U.S. Rep. Debbie Dingell (D) said her home in Dearborn, Mich., has flooded three times but remained dry during the most recent storm with a sump pump and backup electricity source. She said more questions need to be asked about power outages that plagued Detroit during the storm and affected pump stations, noting that DTE Energy lost two substations that could take up to 10 months to rebuild.
“We know that more than 20 pumps failed … not because the pumps failed but because the electricity was out,” Dingell said. “We really haven’t talked about the utilities, or the electricity that went out.”
‘Pick up the pieces’
Henderson said she wasn’t aware the house she bought in 2019 through a land contract had flooding issues. Four years later, she’s financially and mentally exhausted from the repeated cycle of flooding and cleanup.

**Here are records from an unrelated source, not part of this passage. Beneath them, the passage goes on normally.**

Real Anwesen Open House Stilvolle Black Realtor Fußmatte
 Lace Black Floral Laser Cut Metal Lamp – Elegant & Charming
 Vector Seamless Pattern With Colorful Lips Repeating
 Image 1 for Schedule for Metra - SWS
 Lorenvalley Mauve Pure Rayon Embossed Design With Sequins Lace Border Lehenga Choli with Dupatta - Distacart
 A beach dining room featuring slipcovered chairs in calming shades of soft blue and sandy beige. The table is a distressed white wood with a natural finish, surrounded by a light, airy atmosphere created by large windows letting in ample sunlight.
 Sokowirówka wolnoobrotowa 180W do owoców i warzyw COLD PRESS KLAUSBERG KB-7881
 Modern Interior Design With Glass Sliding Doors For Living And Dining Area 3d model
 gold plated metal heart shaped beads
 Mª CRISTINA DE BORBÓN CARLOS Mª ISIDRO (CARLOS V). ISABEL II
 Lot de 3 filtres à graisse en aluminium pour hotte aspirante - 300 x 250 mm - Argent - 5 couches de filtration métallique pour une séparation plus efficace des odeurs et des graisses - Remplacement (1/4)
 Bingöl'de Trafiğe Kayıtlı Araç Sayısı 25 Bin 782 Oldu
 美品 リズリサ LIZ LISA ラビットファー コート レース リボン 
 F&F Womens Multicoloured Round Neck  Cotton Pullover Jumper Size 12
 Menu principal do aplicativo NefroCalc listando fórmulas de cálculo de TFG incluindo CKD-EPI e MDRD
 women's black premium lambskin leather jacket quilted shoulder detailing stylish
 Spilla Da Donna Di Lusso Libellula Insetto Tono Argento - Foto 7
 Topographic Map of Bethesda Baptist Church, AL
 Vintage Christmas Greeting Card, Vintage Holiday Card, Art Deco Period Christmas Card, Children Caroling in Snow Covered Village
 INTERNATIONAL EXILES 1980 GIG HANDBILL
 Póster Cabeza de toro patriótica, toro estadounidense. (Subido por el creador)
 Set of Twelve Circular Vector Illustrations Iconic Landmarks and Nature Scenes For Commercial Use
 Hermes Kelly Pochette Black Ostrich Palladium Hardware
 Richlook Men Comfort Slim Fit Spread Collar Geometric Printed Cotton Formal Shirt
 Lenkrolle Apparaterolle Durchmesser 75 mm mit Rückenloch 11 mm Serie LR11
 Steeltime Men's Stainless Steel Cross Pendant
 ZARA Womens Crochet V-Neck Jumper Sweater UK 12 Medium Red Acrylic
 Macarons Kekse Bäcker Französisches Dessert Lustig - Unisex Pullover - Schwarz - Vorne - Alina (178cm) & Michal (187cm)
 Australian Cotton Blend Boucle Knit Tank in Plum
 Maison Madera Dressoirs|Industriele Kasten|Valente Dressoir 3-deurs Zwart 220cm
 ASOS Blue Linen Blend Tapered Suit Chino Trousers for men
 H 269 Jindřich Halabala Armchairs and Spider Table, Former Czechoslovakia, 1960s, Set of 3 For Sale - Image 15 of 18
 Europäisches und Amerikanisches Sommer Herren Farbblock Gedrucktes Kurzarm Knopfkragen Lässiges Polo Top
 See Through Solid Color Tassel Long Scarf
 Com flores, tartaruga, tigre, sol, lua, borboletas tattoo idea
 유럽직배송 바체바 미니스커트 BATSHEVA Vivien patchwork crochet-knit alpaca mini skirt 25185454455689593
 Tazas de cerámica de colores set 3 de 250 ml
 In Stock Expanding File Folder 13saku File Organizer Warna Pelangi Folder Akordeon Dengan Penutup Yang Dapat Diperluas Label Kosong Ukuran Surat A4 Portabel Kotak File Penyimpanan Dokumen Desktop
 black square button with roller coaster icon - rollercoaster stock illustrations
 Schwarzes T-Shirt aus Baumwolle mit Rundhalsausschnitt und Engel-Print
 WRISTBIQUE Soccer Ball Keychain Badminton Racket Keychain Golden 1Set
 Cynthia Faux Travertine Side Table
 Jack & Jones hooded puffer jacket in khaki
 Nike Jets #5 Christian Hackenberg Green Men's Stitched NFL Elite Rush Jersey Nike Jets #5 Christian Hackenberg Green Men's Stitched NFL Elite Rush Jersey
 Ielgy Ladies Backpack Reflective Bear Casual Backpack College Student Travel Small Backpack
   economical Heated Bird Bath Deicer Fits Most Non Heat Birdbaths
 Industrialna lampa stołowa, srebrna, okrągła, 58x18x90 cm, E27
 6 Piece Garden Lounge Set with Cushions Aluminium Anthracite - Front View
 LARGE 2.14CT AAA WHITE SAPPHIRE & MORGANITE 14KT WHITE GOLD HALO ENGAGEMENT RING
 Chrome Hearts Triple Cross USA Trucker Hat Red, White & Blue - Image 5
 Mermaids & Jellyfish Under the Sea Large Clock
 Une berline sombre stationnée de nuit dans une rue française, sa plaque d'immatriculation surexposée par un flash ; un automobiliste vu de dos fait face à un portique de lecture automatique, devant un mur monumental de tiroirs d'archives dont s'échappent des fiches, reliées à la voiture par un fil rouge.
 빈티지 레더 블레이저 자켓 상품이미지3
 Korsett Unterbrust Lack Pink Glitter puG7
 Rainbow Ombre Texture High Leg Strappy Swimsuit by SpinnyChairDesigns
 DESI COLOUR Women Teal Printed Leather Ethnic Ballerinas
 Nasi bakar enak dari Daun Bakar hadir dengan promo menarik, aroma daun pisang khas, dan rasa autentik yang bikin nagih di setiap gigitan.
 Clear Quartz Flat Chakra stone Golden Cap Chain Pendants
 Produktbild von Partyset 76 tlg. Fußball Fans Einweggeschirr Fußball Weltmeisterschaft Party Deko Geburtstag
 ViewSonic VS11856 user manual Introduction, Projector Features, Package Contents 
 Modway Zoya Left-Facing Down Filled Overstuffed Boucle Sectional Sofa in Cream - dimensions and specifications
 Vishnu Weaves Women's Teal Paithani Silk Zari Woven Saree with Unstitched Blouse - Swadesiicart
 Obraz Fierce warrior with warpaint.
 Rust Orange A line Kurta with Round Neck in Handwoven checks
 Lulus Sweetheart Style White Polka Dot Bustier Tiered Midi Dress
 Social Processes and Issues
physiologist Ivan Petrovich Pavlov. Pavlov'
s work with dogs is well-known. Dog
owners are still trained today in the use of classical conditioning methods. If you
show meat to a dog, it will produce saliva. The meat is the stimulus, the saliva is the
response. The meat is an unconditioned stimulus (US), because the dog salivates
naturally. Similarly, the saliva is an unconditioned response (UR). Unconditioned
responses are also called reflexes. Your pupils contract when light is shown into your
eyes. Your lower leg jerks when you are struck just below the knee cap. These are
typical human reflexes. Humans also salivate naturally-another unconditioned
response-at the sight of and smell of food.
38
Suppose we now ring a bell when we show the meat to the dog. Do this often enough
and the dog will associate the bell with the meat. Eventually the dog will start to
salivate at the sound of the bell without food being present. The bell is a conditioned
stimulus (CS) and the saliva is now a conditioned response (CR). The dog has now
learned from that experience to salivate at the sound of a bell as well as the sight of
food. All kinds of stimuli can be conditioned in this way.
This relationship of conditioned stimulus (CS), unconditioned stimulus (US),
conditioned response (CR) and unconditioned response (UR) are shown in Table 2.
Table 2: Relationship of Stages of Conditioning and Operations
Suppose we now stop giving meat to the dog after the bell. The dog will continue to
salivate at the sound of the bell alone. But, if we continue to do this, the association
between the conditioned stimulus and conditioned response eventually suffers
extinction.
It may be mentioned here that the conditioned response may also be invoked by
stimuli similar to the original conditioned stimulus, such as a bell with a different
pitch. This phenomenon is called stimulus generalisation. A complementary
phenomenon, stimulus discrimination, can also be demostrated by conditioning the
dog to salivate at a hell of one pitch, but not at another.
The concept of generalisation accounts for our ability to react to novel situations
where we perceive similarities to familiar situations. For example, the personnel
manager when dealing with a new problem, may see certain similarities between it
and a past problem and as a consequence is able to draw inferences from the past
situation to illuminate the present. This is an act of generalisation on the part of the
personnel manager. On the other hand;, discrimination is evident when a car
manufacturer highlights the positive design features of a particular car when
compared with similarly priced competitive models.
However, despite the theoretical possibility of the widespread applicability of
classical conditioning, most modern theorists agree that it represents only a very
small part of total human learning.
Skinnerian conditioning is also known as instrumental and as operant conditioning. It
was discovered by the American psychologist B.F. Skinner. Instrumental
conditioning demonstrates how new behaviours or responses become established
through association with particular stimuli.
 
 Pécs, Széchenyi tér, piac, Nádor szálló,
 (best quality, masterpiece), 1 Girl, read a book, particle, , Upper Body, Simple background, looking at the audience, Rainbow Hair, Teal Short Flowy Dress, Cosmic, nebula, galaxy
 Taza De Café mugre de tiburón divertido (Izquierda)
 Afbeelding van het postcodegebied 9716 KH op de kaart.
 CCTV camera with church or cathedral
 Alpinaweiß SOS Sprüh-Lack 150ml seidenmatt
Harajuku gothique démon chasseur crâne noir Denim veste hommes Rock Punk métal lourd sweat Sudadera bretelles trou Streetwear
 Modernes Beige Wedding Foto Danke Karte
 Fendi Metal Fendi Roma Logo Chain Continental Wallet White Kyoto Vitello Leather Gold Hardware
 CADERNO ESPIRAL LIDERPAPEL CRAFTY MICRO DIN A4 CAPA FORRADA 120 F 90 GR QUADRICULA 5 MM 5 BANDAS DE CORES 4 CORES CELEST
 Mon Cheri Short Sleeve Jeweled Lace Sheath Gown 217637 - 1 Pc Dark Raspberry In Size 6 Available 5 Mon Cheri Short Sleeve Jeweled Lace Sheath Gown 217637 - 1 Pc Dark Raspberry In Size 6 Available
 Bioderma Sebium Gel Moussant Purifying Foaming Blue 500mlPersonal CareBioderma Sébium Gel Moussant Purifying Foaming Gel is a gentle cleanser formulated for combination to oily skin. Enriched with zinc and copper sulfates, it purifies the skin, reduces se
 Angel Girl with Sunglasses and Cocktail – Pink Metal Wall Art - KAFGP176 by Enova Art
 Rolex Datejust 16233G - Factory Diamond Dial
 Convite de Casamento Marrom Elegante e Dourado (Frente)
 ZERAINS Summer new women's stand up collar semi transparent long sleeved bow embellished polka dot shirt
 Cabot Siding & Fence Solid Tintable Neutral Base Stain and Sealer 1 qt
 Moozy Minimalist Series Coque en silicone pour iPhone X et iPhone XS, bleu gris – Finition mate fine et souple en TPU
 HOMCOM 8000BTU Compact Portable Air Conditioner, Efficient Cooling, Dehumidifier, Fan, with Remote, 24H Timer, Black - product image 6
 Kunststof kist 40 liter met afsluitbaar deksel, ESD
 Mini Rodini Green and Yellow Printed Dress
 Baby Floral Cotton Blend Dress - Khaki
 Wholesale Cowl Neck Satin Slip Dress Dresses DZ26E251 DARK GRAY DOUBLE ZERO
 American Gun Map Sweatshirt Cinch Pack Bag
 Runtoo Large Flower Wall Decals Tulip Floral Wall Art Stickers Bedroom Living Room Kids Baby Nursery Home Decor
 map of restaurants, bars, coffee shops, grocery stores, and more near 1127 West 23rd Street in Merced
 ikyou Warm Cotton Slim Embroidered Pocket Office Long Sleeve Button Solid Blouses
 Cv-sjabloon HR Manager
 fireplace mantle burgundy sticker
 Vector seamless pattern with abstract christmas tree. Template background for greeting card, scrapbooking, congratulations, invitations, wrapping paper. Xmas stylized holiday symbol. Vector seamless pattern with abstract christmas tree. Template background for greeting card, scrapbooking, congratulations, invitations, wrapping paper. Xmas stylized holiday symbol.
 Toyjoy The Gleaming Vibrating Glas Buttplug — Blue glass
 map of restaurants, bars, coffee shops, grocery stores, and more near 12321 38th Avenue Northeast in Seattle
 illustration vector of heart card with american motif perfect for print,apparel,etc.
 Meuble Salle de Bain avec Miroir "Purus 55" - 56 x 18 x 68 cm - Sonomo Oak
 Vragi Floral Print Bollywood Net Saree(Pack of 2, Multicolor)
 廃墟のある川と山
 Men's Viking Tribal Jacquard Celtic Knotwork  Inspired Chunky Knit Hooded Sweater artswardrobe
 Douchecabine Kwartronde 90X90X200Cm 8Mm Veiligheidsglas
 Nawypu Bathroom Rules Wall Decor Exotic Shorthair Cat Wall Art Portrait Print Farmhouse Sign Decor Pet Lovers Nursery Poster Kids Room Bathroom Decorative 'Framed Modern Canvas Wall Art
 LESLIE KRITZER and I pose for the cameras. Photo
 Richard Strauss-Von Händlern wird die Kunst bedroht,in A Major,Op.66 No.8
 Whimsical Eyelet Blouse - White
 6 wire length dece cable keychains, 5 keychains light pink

But she and her husband Maurice have fared better than others. Now retired, Henderson led an educational employment and training consulting firm that contracted with the city of Detroit for over 30 years. Her husband is a dentist.
Next to their home is a single-story concrete house that’s slowly being taken over by climbing weeds and grass. Henderson said it once belonged to a neighbor who had no money to repair the house after the floods of 2019, received no help from the city and had to abandon the home to live in a shelter.
Henderson worries about what lays ahead: Beginning in late October, several neighborhoods within the corridor will transition from no designation on federal flood maps to being included in a “special flood area hazard,” requiring anyone with a federally backed mortgage to buy flood insurance.
Elling’s group, Jefferson East, has warned that designation could further burden and possibly displace low-income residents, adding that many are already struggling to figure out how to plan and pay for a patchwork of sea walls with limited and conflicting information, all of which has left the region vulnerable to flooding with no unified plan. Adding to that frustration is a lack of information around the fate of the “tiger dams” snaking through the neighborhoods.
Others blame the city and water authority and are taking legal action.
Residents of both Grosse Pointe, Jefferson Chalmers and other areas are suing the city, the Detroit Water and Sewerage Department and the water authority, arguing officials have for years known the pumps were in “poor” condition and that sewer backups increase if all 16 storm pumps aren’t operational or go offline.
Paul Doherty, an attorney from the Detroit firm, Ven Johnson Law PLC, who filed the lawsuits, emphasized in an interview that residents of areas like the Marina District and Jefferson Chalmers are especially vulnerable given many of them don’t have flood insurance or the same resources as compared to their neighbors in Grosse Pointe.
“They’ve got to deal with the stink, the mold, the mildew, and really between them and their family and friends, pick up the pieces and wait for the next one,” he said.